====== DATASET RECORDS

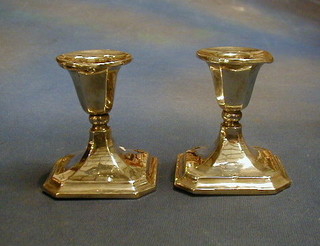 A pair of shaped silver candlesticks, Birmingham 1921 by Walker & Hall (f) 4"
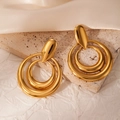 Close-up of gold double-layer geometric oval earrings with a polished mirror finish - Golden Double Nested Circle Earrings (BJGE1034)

============
====== DATASET RECORDS

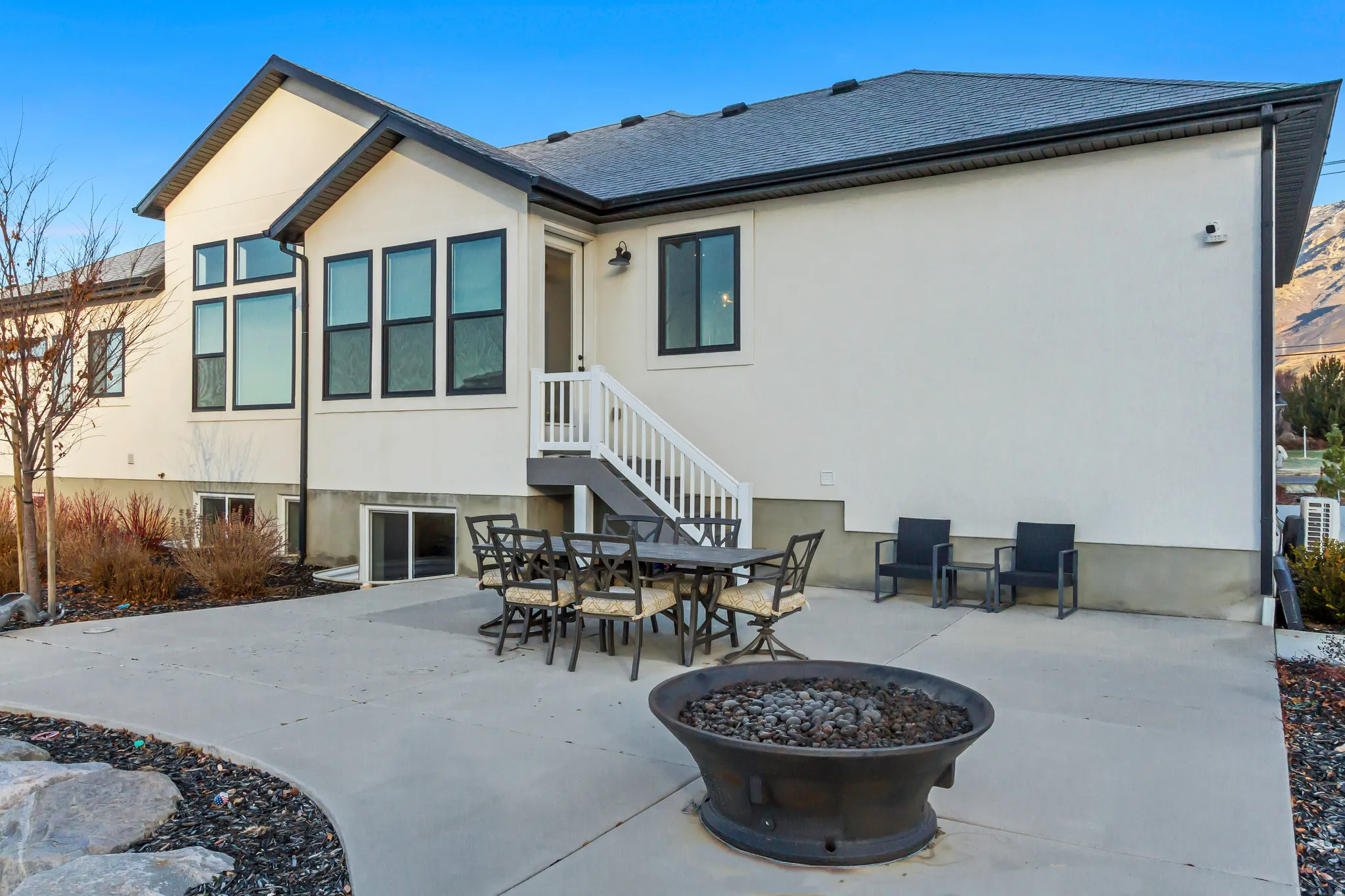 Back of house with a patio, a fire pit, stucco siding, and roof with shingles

============

ASSIGNED TASK:
The output is the stretch above from the line with "A pair of shaped" through the line with "Close-up of gold", copied word for word with both ends kept and every picture dropped.

WORKED SOLUTION:
 A pair of shaped silver candlesticks, Birmingham 1921 by Walker & Hall (f) 4"
 Close-up of gold double-layer geometric oval earrings with a polished mirror finish - Golden Double Nested Circle Earrings (BJGE1034)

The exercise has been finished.